I cannot say enough about how important this is. Just half an hour of aerobic activity every day will kick you into gear. Plus, you might even score that awesome ‘runners high’. Ride those good endorphins into the rest of your day! A study in Finland found that in a healthy brain, the hippocampus constantly generates neurons to replenish itself, and sustained aerobic activity may be the key to growing an abundance of new cells.
Headspace. It’s free (to a point, but trust me, you’ll pay for it) and will help you tame those rushing thoughts. Even if they are good ones, and you’re really feeling the ideas flowing – meditation teaches you how to hone-in on one thought and stay concentrated. Not to mention the ability to manage anxiety, external and internal performance pressure and depression/unhappiness. I’m an advocate. 100%. Plus, you’ll appreciate the fun UI and animations they have.
Visualisation is another technique within meditation which has been massively observed in the elite sports world; to an extent to which there are measurable results. Interesting reading here.
This practise stems from meditation but it’s a relatively easy one to learn. I’m absolutely certain it helps you be a better creative; by potentially pulling cues from your environment. Watch how the clouds move, how light falls and is scattered by trees or perhaps admire the gradients in the sky on dawn/dusk. Become aware of everyday sounds and these can become somewhat musical.
Bonobo uses a lot of found/raw audio samples in his music.

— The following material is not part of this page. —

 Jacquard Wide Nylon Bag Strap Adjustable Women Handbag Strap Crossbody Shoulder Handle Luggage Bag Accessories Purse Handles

If you ever get the downtime while you’re waiting for your mate to go to the dunny (Australian slang for toilet) when you’re sitting at the coffee shop or a bar, resist the urge to look at your phone and observe your surroundings.
Productive habits and routine
Understandably, our roles as creatives can sometimes lead us to being on the road (don’t get me wrong, it’s why we do it, right?) and fall out of routine. Routine can extend past “oh, I need to get up at 6am, stretch at 6.37am, coffee at 6.30am”. I set reminders to ping on my phone daily with things like “check posture” and “fill water bottle”. I picked this one up from a good mate of mine who’s a teacher. It works because unfortunately/fortunately, we’re so reliant on our phones and we always seem to need to know what a notification might tell us.
We’re creatures of habit. Habits = less distraction and a much more focussed mind. Get these down-pat and you’ll be able to work anywhere. I haven’t used any habit tracking apps, but I find you can get the reminders on your iPhone to work pretty well for you.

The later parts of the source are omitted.